Can anyone tell me what is wrong with the script and how I fix it?
import sys
import cmd
try:
import pickle as pickle
except:
import pickle
import os.path
def main():
app = Labyrinth()
turnfile = "turn0.lwot"
app.Save(turnfile)
class CLI(cmd.Cmd):
def __init__(self):
cmd.Cmd.__init__(self)
class Labyrinth(cmd.Cmd):
def __init__(self):
cmd.Cmd.__init__(self)
def Save(self, fname):
with open(fname, 'wb') as f:
pickle.dump(self,f, 2)
f.close()
print ("Save Successful!")
sys.exit()
if __name__ == '__main__':
main()
Not all objects are picklable. In particular, file objects are problematic because you can't generally restore their state later. cmd.Cmd holds stdin and stdout file objects and that should make them unpicklable. I was quite surprised that it worked in python 2, but it didn't really... Even though the stdin and stdout pickled, the unpickled object you get back later doesn't work, as in this example:
>>> import sys
>>> import pickle
>>> sys.stdout.write('foo\n')
foo
>>> serialized = pickle.dumps(sys.stdout, 2)
>>> stdout = pickle.loads(serialized)
>>> stdout.write('bar\n')
Traceback (most recent call last):
File "<stdin>", line 1, in <module>
ValueError: I/O operation on closed file
>>>
So, even though this bit of code didn't fail, the object shouldn't be usable later. You can add a few special methods to an object that let you fix objects so they can be serialized. Here, I've stripped the bad attributes on save and added them back on restore. Now you can pickle, unpickle and it actually works when you are done.
import sys
import cmd
try:
import cPickle as pickle
except:
import pickle
import os.path
def main():
app = Labyrinth()
turnfile = "turn0.lwot"
app.Save(turnfile)
class CLI(cmd.Cmd):
def __init__(self):
cmd.Cmd.__init__(self)
class Labyrinth(cmd.Cmd):
def __init__(self):
cmd.Cmd.__init__(self)
def Save(self, fname):
with open(fname, 'wb') as f:
pickle.dump(self,f, pickle.HIGHEST_PROTOCOL)
f.close()
print ("Save Successful!")
sys.exit()
def __getstate__(self):
# stdin/out are unpicklable. We'll get new ones on load
return tuple(((k,v) for k,v in self.__dict__.items()

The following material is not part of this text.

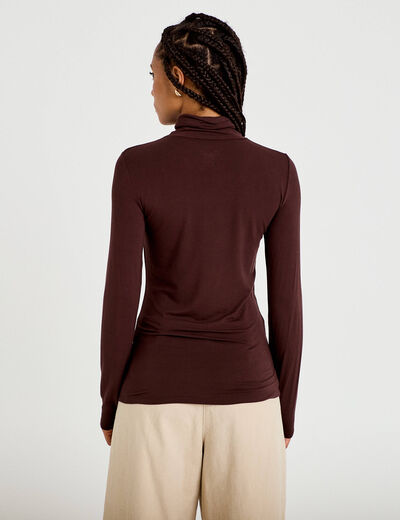 T-shirt uni &agrave; manches longues marron fonc&eacute; femme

if k not in ('stdin', 'stdout')))
def __setstate__(self, state):
self.__dict__.update(state)
self.stdin = sys.stdin
self.stdout = sys.stdout
if __name__ == '__main__':
main()
Playing with the protocol doesn't help. The full error message (which you should have included) is:
1027:~/mypy$ python3 stack41334887.py
Traceback (most recent call last):
File "stack41334887.py", line 33, in <module>
main()
File "stack41334887.py", line 14, in main
app.Save(turnfile)
File "stack41334887.py", line 27, in Save
pickle.dump(self,f, 3, fix_imports=True)
TypeError: cannot serialize '_io.TextIOWrapper' object
Python3 made some major changes in the io system. This TextIOWrapper is, I think new to Py3.

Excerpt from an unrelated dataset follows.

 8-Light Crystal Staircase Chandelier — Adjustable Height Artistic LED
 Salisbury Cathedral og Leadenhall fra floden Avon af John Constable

https://docs.python.org/3.1/library/io.html#io.TextIOWrapper
Can I use multiprocessing.Pool in a method of a class? also had problems serializing a TextIOWrapper.
=========
So inspireed by #tdelaney, I checked the stdin for my PY3 session:
In [1212]: sys.stdin
Out[1212]: <_io.TextIOWrapper name='<stdin>' mode='r' encoding='UTF-8'>
So that's the thing that can't be serialized.